*Given material*:

Content starts

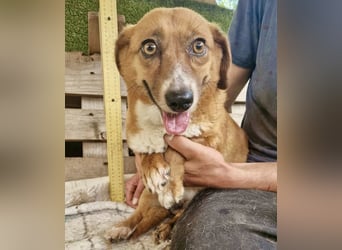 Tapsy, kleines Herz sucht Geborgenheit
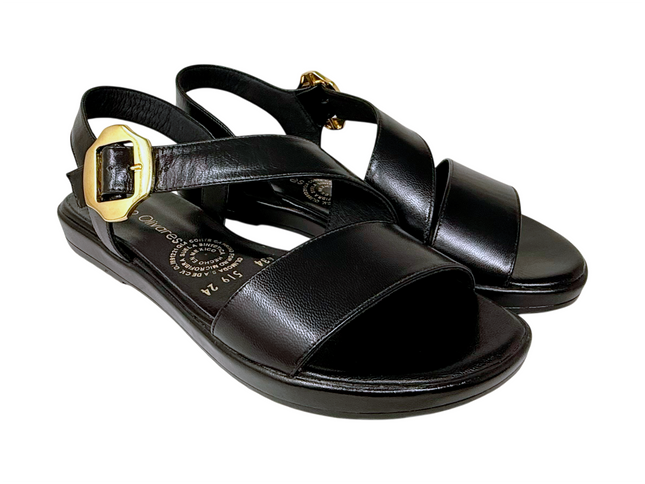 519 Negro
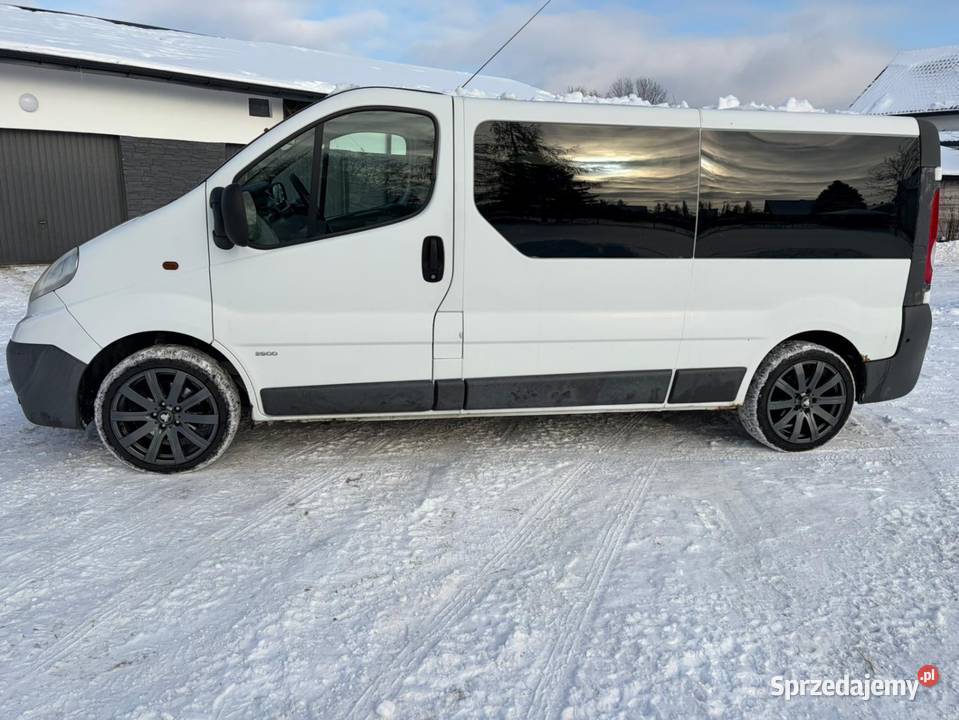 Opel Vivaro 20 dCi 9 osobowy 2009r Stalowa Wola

Content ends

*What the exercise asks*: Keep every word of the material exactly as given. Drop the pictures.

*Solution to this task*:
 Tapsy, kleines Herz sucht Geborgenheit
 519 Negro
 Opel Vivaro 20 dCi 9 osobowy 2009r Stalowa Wola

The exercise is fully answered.